Germans reject 'new spelling'
As if Germany does not have enough major problems at the moment, there are growing signs of an unbeatable wave of popular opposition to the spelling reforms which have been introduced by the federal government and were supposed to become universal by August 2005. Six years ago the Rechtschreibung or 'new spelling', a reform affecting about 5% of the language, was introduced to simplify and modernise the complex German spelling rules. It was intended to make the language very much easier to learn.
In fact the changes have encountered increasing popular opposition. Literary critic Marcel Reich-Ranicki wrote: 'Chaos has broken out... in no other major European country is the gap so deep between the language of the people and the language of literature.'
The newspapers are voting with their feet. Axel Springer's titles and Der Spiegel returned to the old spelling last month. Gunther Grass and other leading writers have refused to allow their books to be published with the new spelling. Some publishers are taking the line of least resistance and allowing their authors to choose which form of spelling should be used in their books.
But for school textbook publishers this is a crucial and costly issue. Latest estimates for making the changes throughout educational publishing start at around €250m (£168m or $298m). Publishers may be unwilling but resigned to the costs involved, but will be even more unhappy if the changes are in the end abandoned.
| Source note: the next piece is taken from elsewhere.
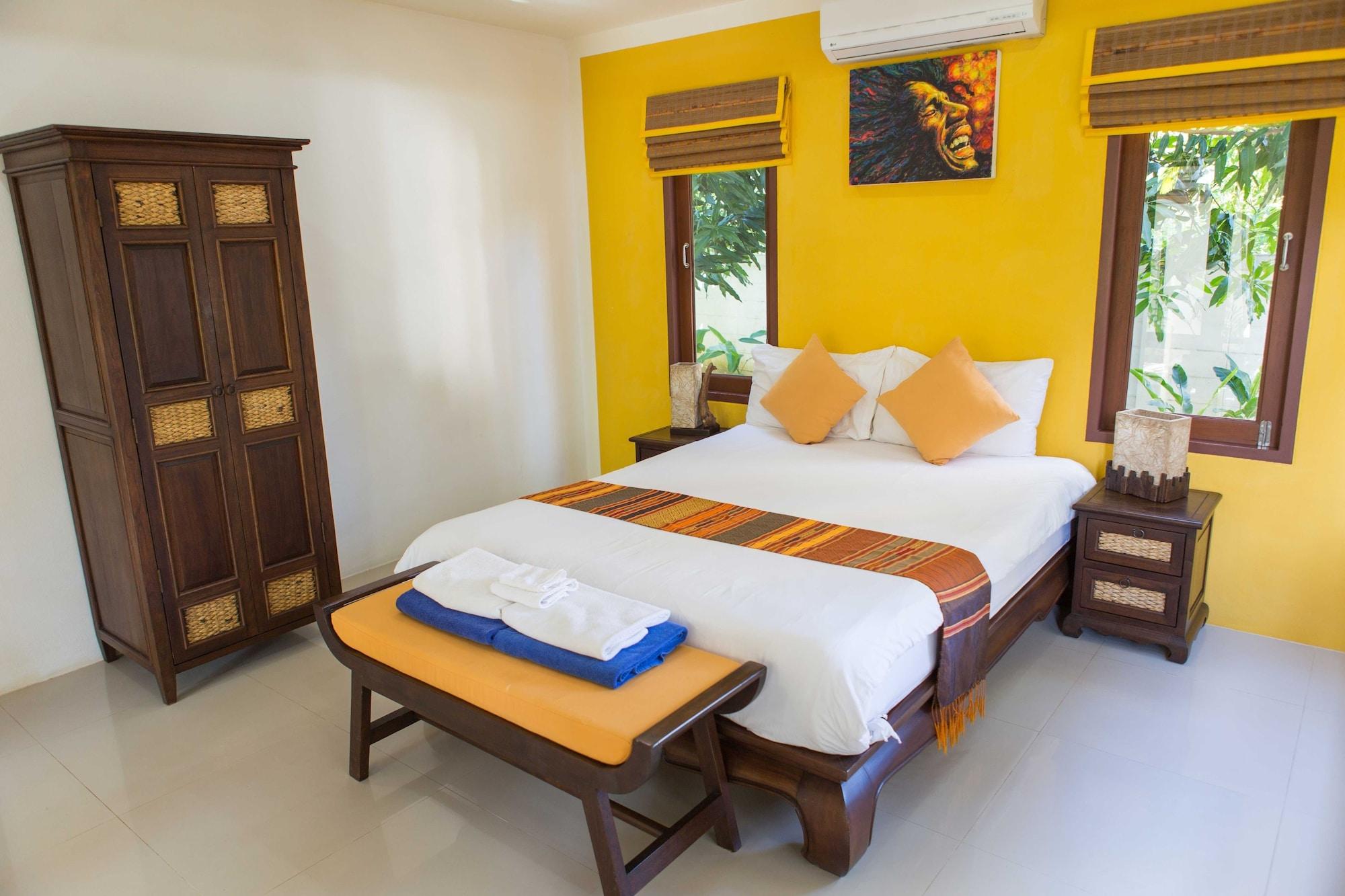 Easy Time Resort Laem Sai Beach Экстерьер фото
These reforms are meeting resistance the bureaucrats never dreamed of, although they should perhaps have remembered that Germans are rightly proud of their cultural inheritance. Not surprisingly, people are usually attached to the spelling they have always used. Many would regard using correct spelling as a measure of their personal level of literacy. Which might be why Profile's Accomodating Brocolli in the Cemetary looks like being this year's successor to the hugely successful Eats, Shoots and Leaves.